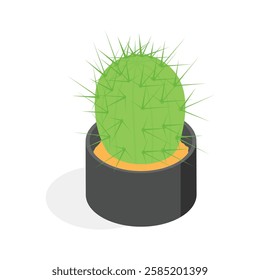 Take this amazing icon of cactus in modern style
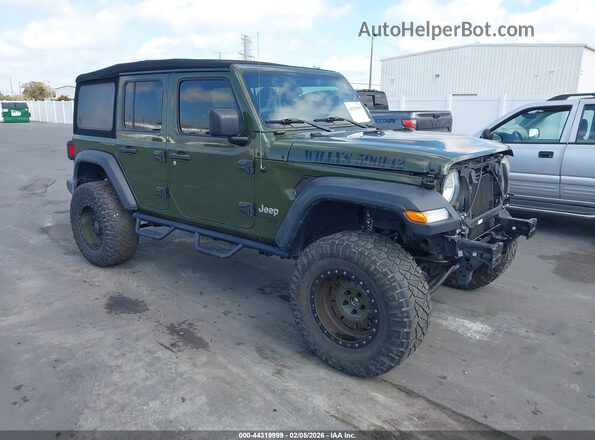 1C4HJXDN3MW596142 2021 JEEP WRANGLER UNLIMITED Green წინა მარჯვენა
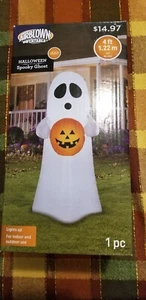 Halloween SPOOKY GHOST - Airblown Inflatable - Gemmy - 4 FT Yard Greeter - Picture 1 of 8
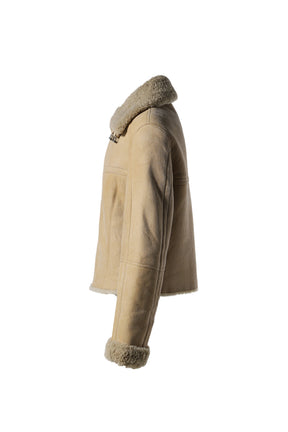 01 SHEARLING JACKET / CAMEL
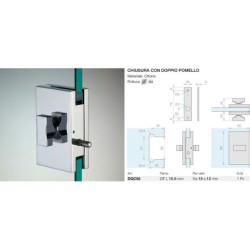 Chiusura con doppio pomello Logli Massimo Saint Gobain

* * * * * * *

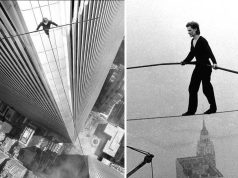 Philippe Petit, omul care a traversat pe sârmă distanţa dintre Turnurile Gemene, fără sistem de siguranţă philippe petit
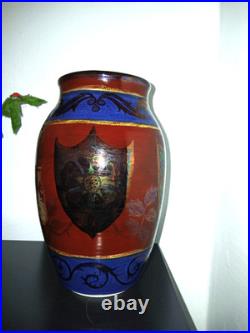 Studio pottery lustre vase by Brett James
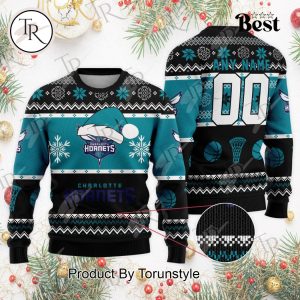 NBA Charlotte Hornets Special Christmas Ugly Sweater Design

* * * * * * *

Go to the line above holding "Halloween SPOOKY GHOST", then copy exactly each line down to and including the one holding "Chiusura con doppio", leaving pictures out.

 Halloween SPOOKY GHOST - Airblown Inflatable - Gemmy - 4 FT Yard Greeter - Picture 1 of 8
 01 SHEARLING JACKET / CAMEL
 Chiusura con doppio pomello Logli Massimo Saint Gobain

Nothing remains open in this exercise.